Inflation is undershooting the central bank's target and inflation expectations
continue to decline, despite a 20% depreciation in the exchange rate this year.
A significant tightening of Brazilian financial conditions from plunging stock
prices, a record low exchange rate and widening credit spreads has rung alarm
bells for market stability and future growth prospects.
The difference between short-dated and long-dated interest rates has widened
sharply, a sign of extreme risk aversion and a dysfunctional market, analysts
say. The spread between January 2021 and January 2029 rates futures hit a record
600 basis points.
To be sure, the central bank has already shown itself to be flexible, under
former trader Campos Neto's guidance.
It has ramped up foreign exchange intervention, opened a bond "repurchase"

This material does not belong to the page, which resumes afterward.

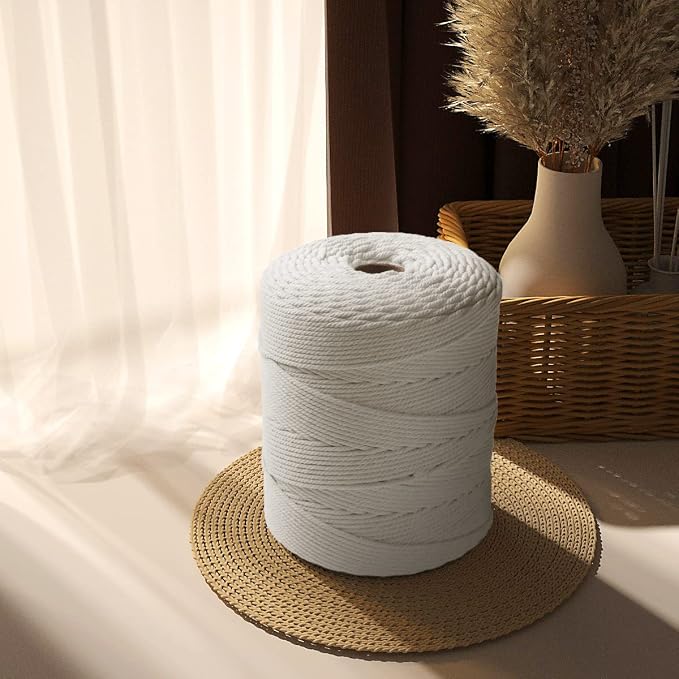 ZUEXT Macrame Cord, Beige White, 4mm x 547yds Cotton String Macrame Yarn | Natural Handmade, 4 Strands Twisted Cotton Rope, for Craft Wall Hanging Weaving Tapestry Dream Catchers Hanger DIY Gift, 500m - Image 5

program, and taken a range of steps to inject liquidity into the financial
system to free up banks' funds for lending and ease companies' and individuals'
debt burdens.
In the bank's own words, it has pledged to "deploy its arsenal of monetary,
exchange rate and financial stability policies to fight the current crisis."
The central bank has room to maneuver, even though its balance sheet is already
one of the largest among emerging economies at around 50% of GDP, roughly evenly
split between FX and bond assets. But not everyone regards QE as necessary.
Sergio Goldenstein, former head of open market operations at the central bank,
agreed it must bring down longer-dated interest rates and flatten the curve. But
without expanding the monetary base.
"The question is not QE, but alleviating financial tensions," Goldenstein said,
noting that the central bank could buy longer-dated securities and sell
short-dated ones, or buy long-dated securities and sterilize excess liquidity
with repurchase operations.
He also noted that Brazilian interest rates are not at the lower bound, that is
at, or close to, zero, usually a pre-cursor for QE. But if the coronavirus shock
is big enough, it may not be long before they are there.
Asa bank's Kawall reckons the central bank's benchmark Selic interest rate will
be cut to 2% this year from the current 3.75%. In Brazil, with its history of
hyperinflation and high interest rates, 2% is practically zero.